What you will do - Write each line of the material exactly as given, from the top through the line that contains "Hanglamp draadlamp vintage stijl Ikea", and omit all pictures.
(Data listing)
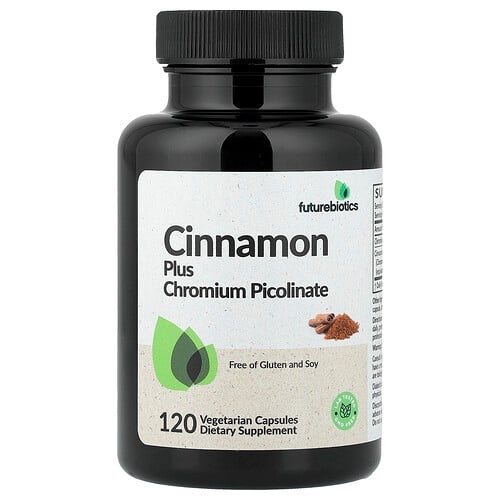 Futurebiotics Cinnamon Plus Chromium Picolinate 120 Vegetarian Capsules product image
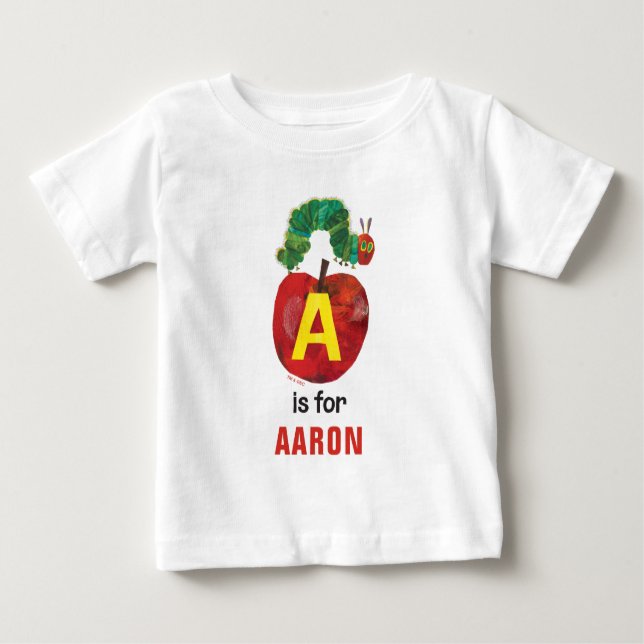 Eric Carle | A is For Apple Baby T-Shirt (Front)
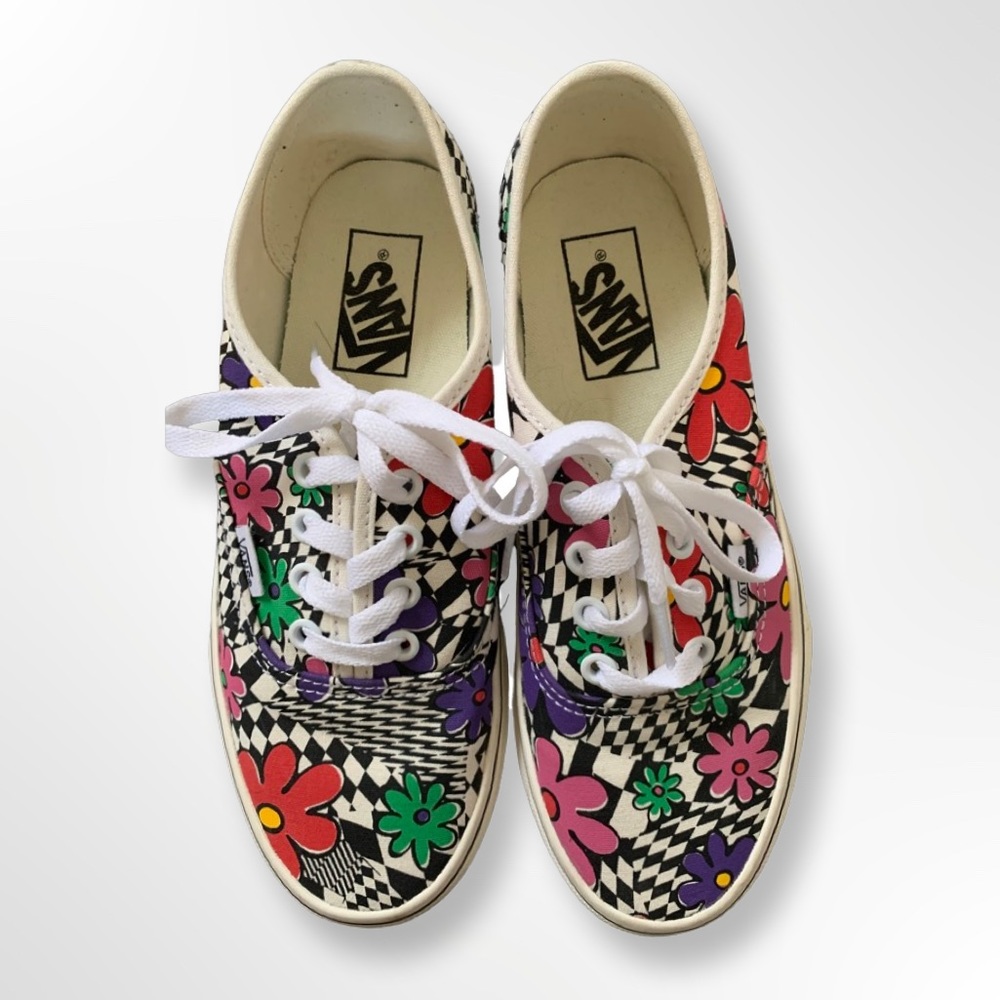 Printed Floral Vans
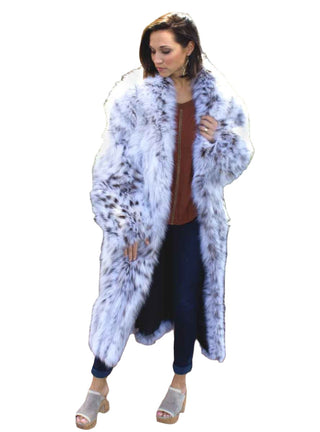 Custom Made Cat Lynx Belly Fur Coat.
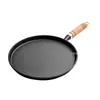 Mango de madera Sartén Gruesa de Hierro Fundido Sartén para Hotcakes Doméstica Antiadherente Sartén para Hotcakes Frutas Sartén para Hotcakes de Mano Sin Recubrimiento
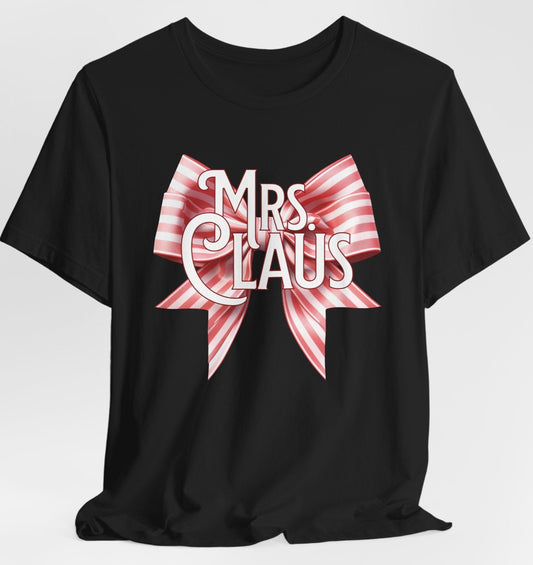 Mrs. Claus Peppermint T-Shirt. Couples Christmas Shirts. Matching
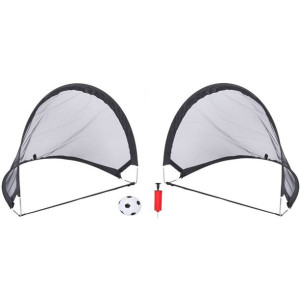 Zestaw 2 bramek do piłki nożnej pop up + akcesoria 120x86x86cm dunlop 10099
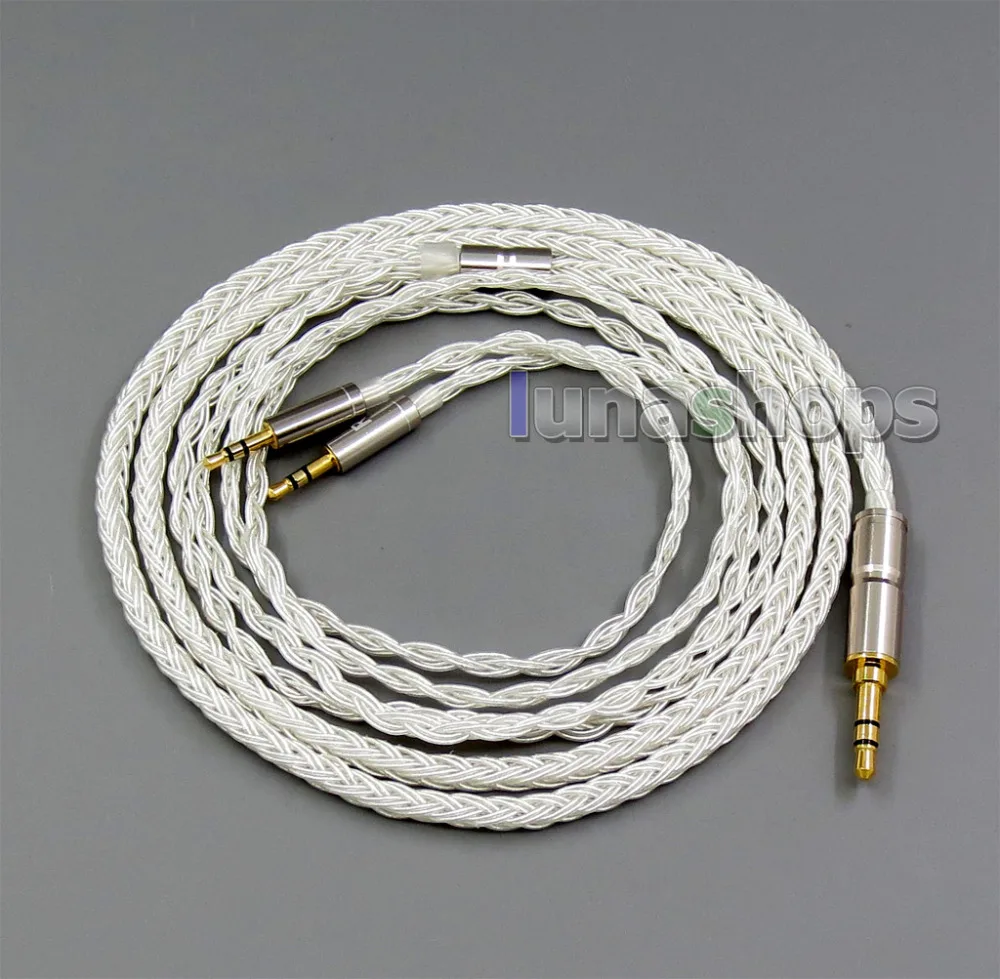 16 ядер чистый посеребренный кабель для Hifiman HE560 HE-350 HE1000 V2 наушников XLR 2,5 мм 4,4 мм 3,5 мм до 2 LN06134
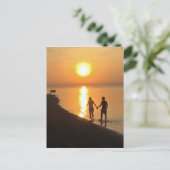 バリ島の夕日 ポストカード (スタンド正面)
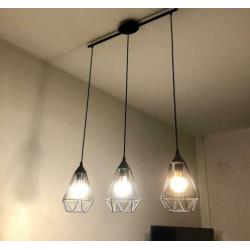 Hanglamp draadlamp vintage stijl Ikea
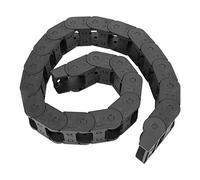 Alambre para Cable, Alambre Eléctrico 100 Cm 25 X 38 Mm Nylon Abierto en Ambos Lados Portador de Alambre Cadena de Arrastre Accesorio para Máquina de Grabado Bridas para Cables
(End Data listing)
Result below -
 Futurebiotics Cinnamon Plus Chromium Picolinate 120 Vegetarian Capsules product image
 Eric Carle | A is For Apple Baby T-Shirt (Front)
 Printed Floral Vans
 Custom Made Cat Lynx Belly Fur Coat.
 Mango de madera Sartén Gruesa de Hierro Fundido Sartén para Hotcakes Doméstica Antiadherente Sartén para Hotcakes Frutas Sartén para Hotcakes de Mano Sin Recubrimiento
 Mrs. Claus Peppermint T-Shirt. Couples Christmas Shirts. Matching
 Zestaw 2 bramek do piłki nożnej pop up + akcesoria 120x86x86cm dunlop 10099
 16 ядер чистый посеребренный кабель для Hifiman HE560 HE-350 HE1000 V2 наушников XLR 2,5 мм 4,4 мм 3,5 мм до 2 LN06134
 バリ島の夕日 ポストカード (スタンド正面)
 Hanglamp draadlamp vintage stijl Ikea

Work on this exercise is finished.